Here’s where management as opposed to leadership can do real damage. If a team doesn’t perform to satisfaction, can it be due to misalignment rather than incompetence? If it’s incompetence, you’re likely to be better off re-building and re-training your team anyway. I have an outrageous proposition: If you’re missing alignment, give your team more responsibility. Let them feel the full wrath of it.
Do they break things often and users are complaining? Let the team use the product as users would. Let them read the feedback and respond apologetically.
Do they work too much on things that do not bring money in? Let them manage their own budget, aligning their profits with the company’s profits or whatever value you want the team to produce. They will re-orient towards that promptly.
If you think of it, it’s the only way to learn. Exposure to the problem.
Resorting to patching things — allocating a manager, putting the QA department in charge, moving in another team to troubleshoot, etc. — will only insulate the team from reality. Now the manager, QA, another team is responsible for the results. So how is it better? It can only work short-term.
Team members, if trained well and motivated, can make excellent decisions; far better than any single person would. It is humbling to realize and easy to underestimate.
Clear communication.
Even the best team will produce a useless trinket if they don’t know what they’re building. But it’s not just about what. It’s also about why, when, under which constraints, the bigger picture, and many other things. If you want the team to deliver something, tell them clearly what you want. Then again, and again, and again… Once is never enough.
Progress, feedback, goals, alignment, culture echoed throughout. It’s easy to lose direction in a group, focusing on something slightly different than the person next to you. There are different interpretations, conjunctures, personal opinions, loss of attention, or misunderstandings. So yeah, expect confusion and battle it with clear, consistent messaging, at the right time.
The only thing worse than the lack of information is an abundance of disinformation.
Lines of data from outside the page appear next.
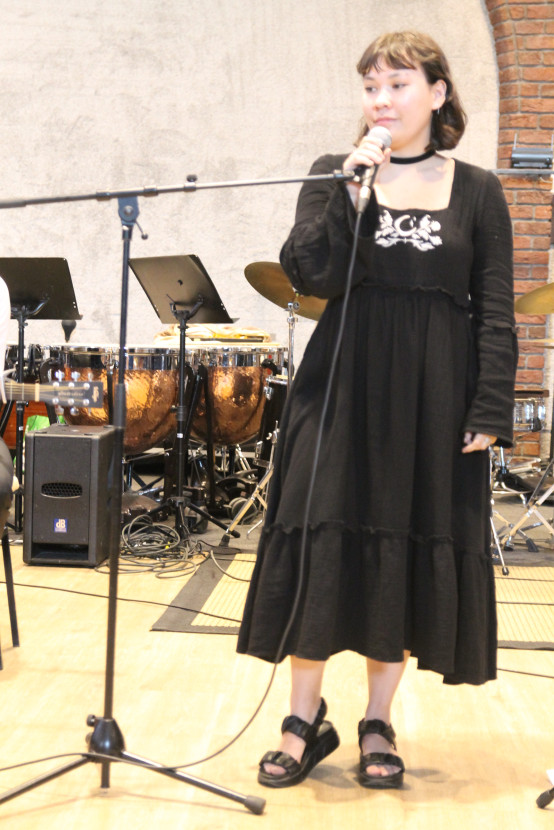 Cultural Evening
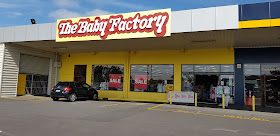 The Baby Factory New Lynn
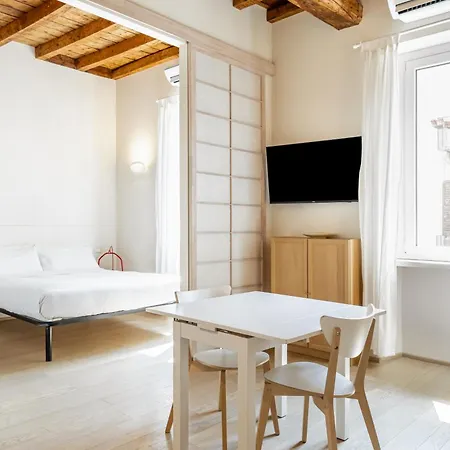Relstay - Navigli - 1Br Milan Exterior photo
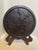 Up for sale is an authentic, highly collectible decorative compressed dark tea plaque from the renowned Yang Lou Dong Tea...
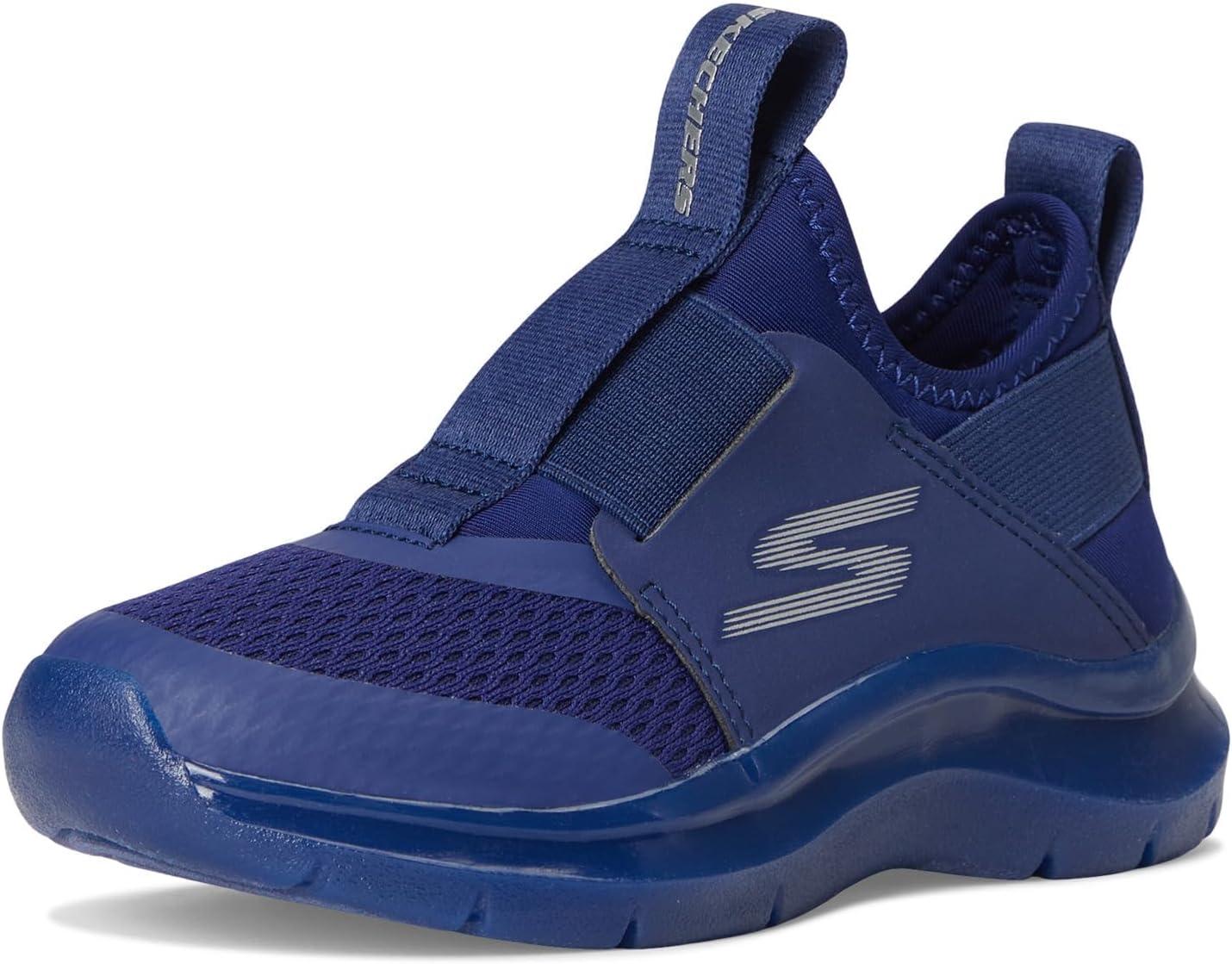 imageSKECHERS Boys Skech Fast IceNavy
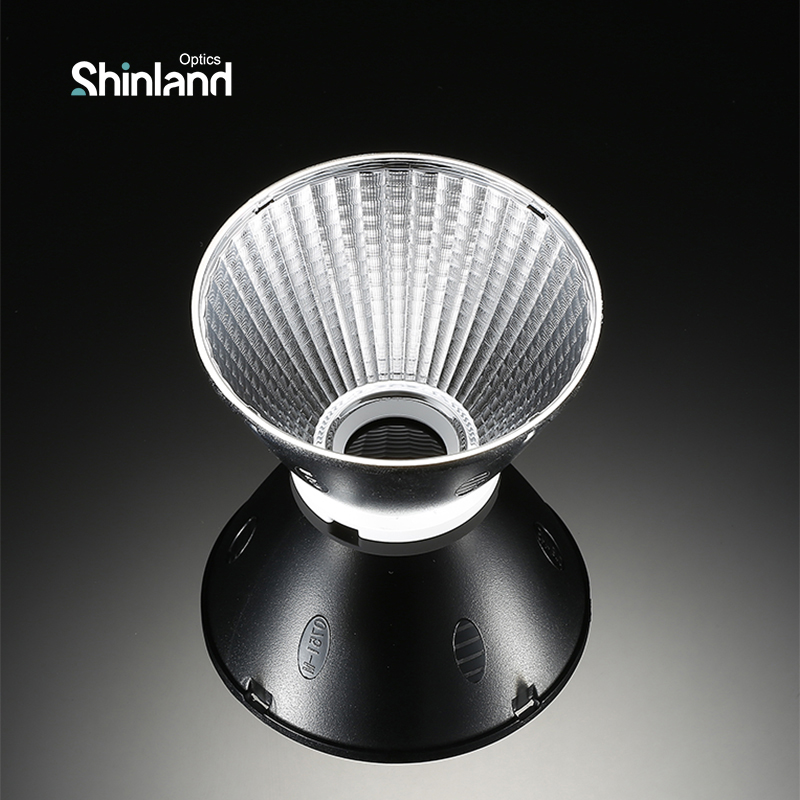 Wholesale Reflector Led Rgb Suppliers –  COB Reflector 69mm SL-069D SL-II  – Shinland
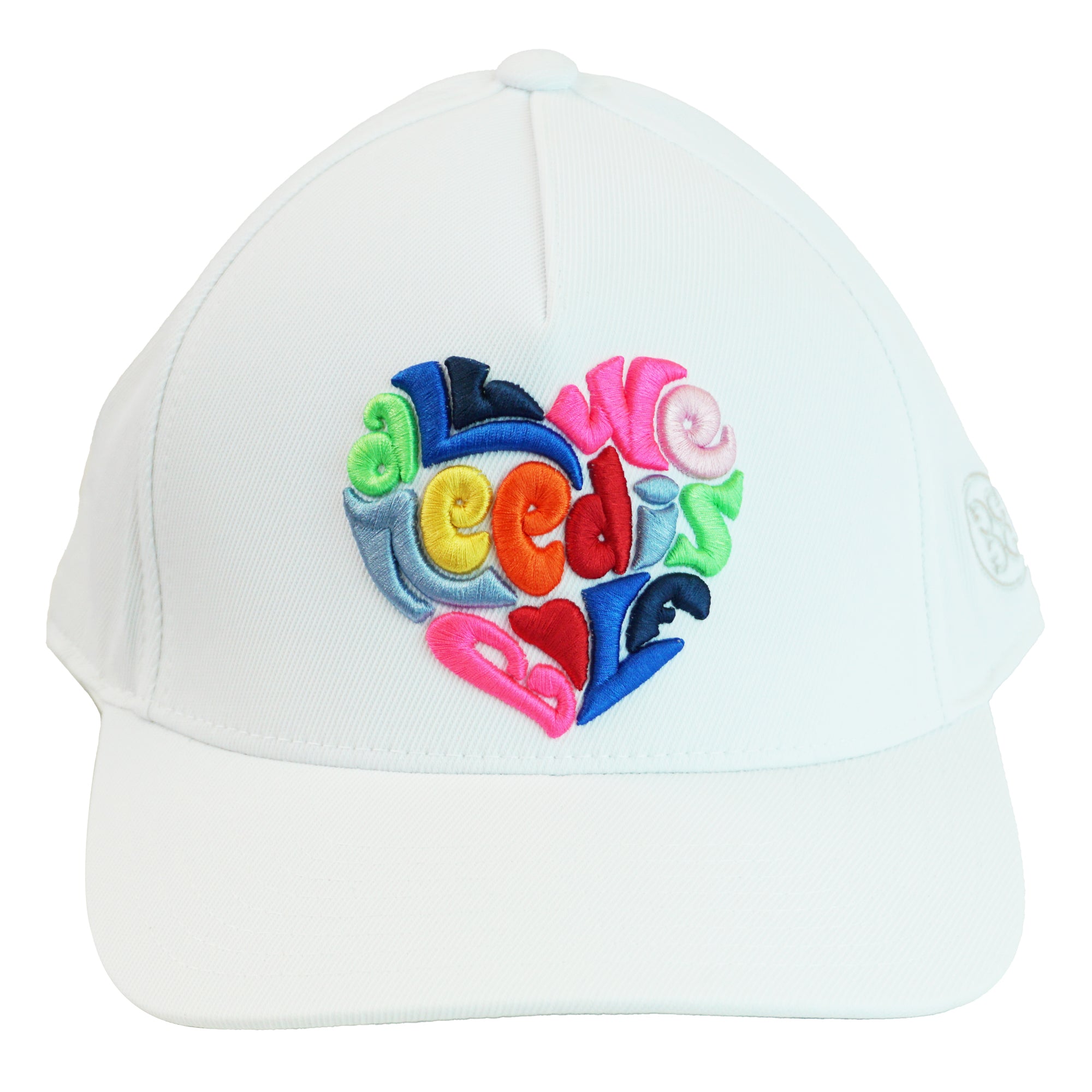 G/Fore All We Need Is Golf Twill Snapback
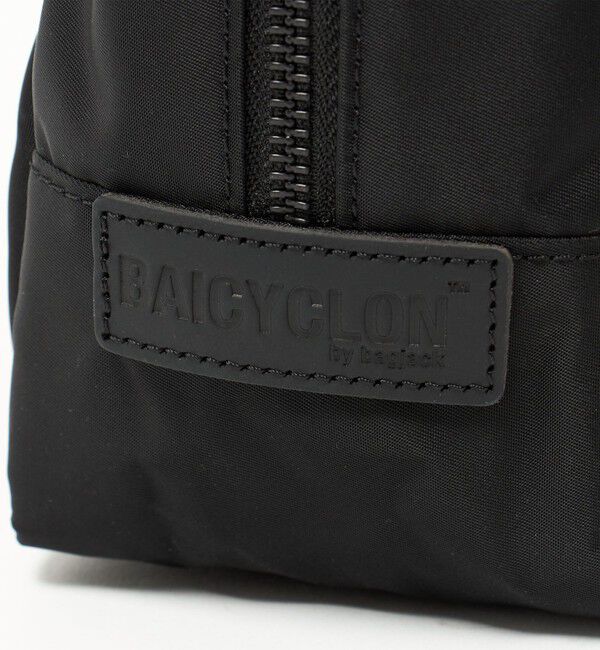 BEAUTY&YOUTH UNITED ARROWS「＜BAICYCLON＞マルチ ポケット 2WAY バッグ」|トートバッグ|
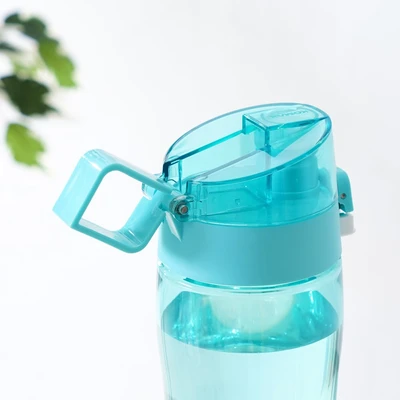 Gambar Komax 650 Ml Botol Minum - Hijau Mint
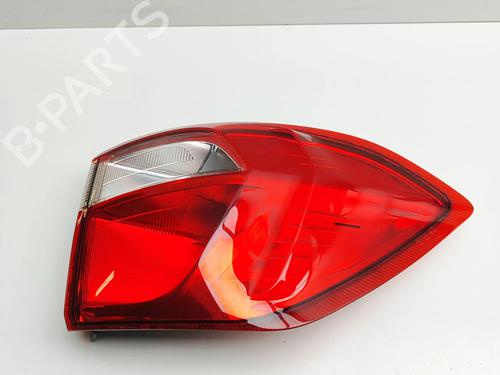 Used Right taillight FORD ECOSPORT 1.0 EcoBoost (140 hp) 30514404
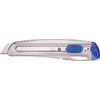 NT Cutter Skeleton Blue L-Shape il120pb
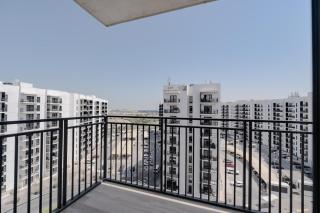 Sym vista waters edge - Abu Dhabi - 2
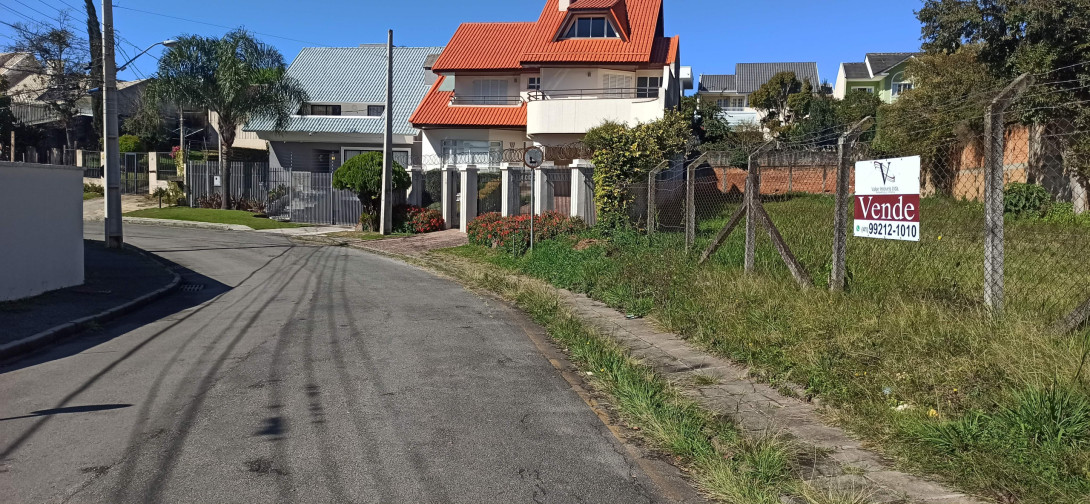 Foto 7 - TERRENO em CURITIBA - PR, no bairro Barigui - Referência VI-VT-TERRENOBARIGUI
Or is it the other way around?
Predictability.
At this point, we have an amazing, self-sufficient, cooperating team that knows what to do and when to do it. Surely this must be the pinnacle of awesomeness. Success is guaranteed. Let’s consider one more thing.
The team is communicated a certain message, but the actions may not match. It can come from the leadership or the customer… For example a prompt from the leader: We’d love to hear your ideas. Please, bring them forward. Then they’re all shut down with a “thank you”. Or from the customer: I’d like to see some innovative designs, sure. I don’t like this one, nor this one, nor this one. Can it be more like what we have, but with rounded corners?
How do you think it will turn out?
Sometimes even the message may be accurate, but the directions change all the time. Without predictability, knowing what to expect, uncertainty settles in pretty fast. The trust crumbles and we’re back to square 1.
The team may not know where they are going, but with a steady pace and the leadership they can rely on, they will be confident they’ll reach a wonderful destination.
Learning all that I still have a question: What did I get out of the team building, personally?
Let’s see… Change of scenery, free food, unique experiences I’ll remember for some time, deeper connection with my colleagues, better understanding of their behavior in certain situations and my adjusted expectations, clearer understanding of the components that make for great teamwork. Not bad, huh?